Jensen grinned a little cynically. It might sound conceited, the way they treated the subjects more like things than persons, but it was really the only way to get by in their job. If you got attached, you got hurt, period. Didn’t mean that Jensen was very good playing by the rules, but for the most part he managed to keep his distance. He had to, or he wouldn’t have been able to be good at what he did. The best even.
“Yes, but you know you like a challenge. And this one’s surely going to be one, no doubt about that. But if he’s a fighter, he’ll pull through.”
Chris looked at him out of the corner of his eyes and then back out the opening of the hangar where a cloud of dust was visible, blown up by the chopper that approached the airfield.
“Well, it looks like the party’s about to start then. Let’s put those tax dollars to work, shall we?”

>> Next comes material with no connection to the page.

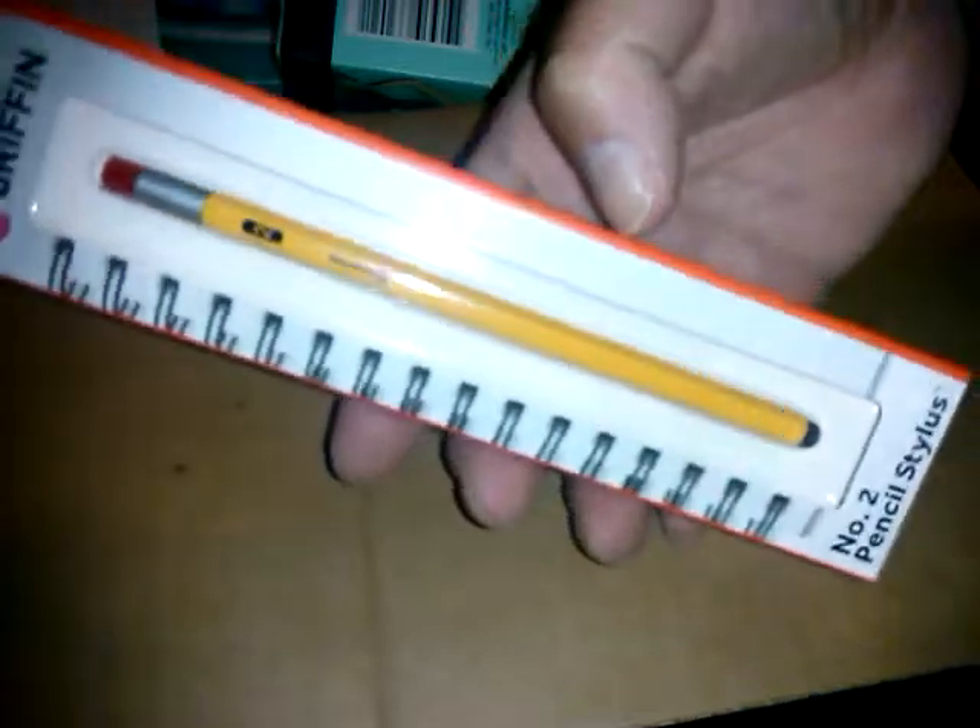The first item in this box is a number-two stylus that looks like a pencil. This was a dollar fifty and I thought it would be cool for my son for his tablet.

Jensen found himself back in those bleak corridors about five storeys underneath the surface of the earth, following the familiar blip of a heart monitor on the way to his lab. He always marvelled at the way big, agile young men seemed to be reduced to looking small and whimsical in hospital beds. Maybe it was because his patients were without exception largely comatose, and so close to death that they were beyond the help of ordinary medical means. No one else was ever considered for their program for good reason. Jensen rubbed at the bridge of his nose under his glasses. Sometimes he wondered if they had the right to play god like this. He attempted to prolong lives by any means available, since an ordinary clinical trial was not exactly an option for their methods. But then he reminded himself that they were saving lives, the lives of young and dedicated people who had put themselves in harm’s way for their country, and the argument about whether they had the right to withhold the treatments that could save them fit just as well the other way around. What they learned this way would someday revolutionize medical procedures and trauma therapy all over the world, or so he hoped. It was a fine line that Jensen had to mark out and tread anew every day, but most nights he lost little sleep about his musings. Maybe it was because he didn’t sleep all that much anyway.
A tall and imposing figure waited at the entrance of his lab, clad in a pristine uniform, cap tucked neatly under his arm. He looked as smart and unruffled as every time he brought Jensen an order for a new arrival, but as the med-techs rolled the bed into the lab and began to set up the equipment, Jensen hesitated in the door where he noticed the fatigue deepening the lines on Lieutenant Commander JD Morgan’s face.
“Commander,” he received a curt nod as a greeting, nothing new there. ”The journey went without a problem, I hope?”
“Sure thing, if you call a nerve-wracking three hour ride through the desert, and two code blacks in the air ‘without a hitch’, be my guest.”
Jensen looked beyond the glass door that had slid closed in front of them before glancing back at the Lieutenant Commander. It wasn’t anything they hadn’t had before, not even close to the worst actually. Still, the tension was palpable, but he couldn’t really put his finger on what was different.
“Is everything alright?”
“Yes, sure. Let’s get this over with then, alright?”
They’d done this often enough, but protocol couldn’t be circumvented and records had to be kept in order, no matter how top secret and confidential your work was.
“Prof. Dr. Jensen Ross Ackles, through the power invested in me by the government of the United States of America, I grant you permission to start emergency restorative treatment on subject 0719-J11854T-P82, order effective immediately. Good luck, Doc.”
Jensen took a deep breath and nodded at Morgan.
“Good to have this over with, I always feel like I’m about to get married when you start that speech.”
Finally, Jensen saw a small smile twitch at the edge of Morgan’s lips, but the concerned frown never left the man’s face. He stepped forward to the opening doors to get to work when a hand on his arm stopped him in his tracks.
“Ackles, I… I’d rather you save this one, alright?”
Jensen looked back at the Commander’s hooded eyes and couldn’t shake the feeling that it was strangely personal this time around. Normally he wouldn’t be bothered by that, couldn’t be, but he still felt the need to reassure the man he’d worked with for several years now.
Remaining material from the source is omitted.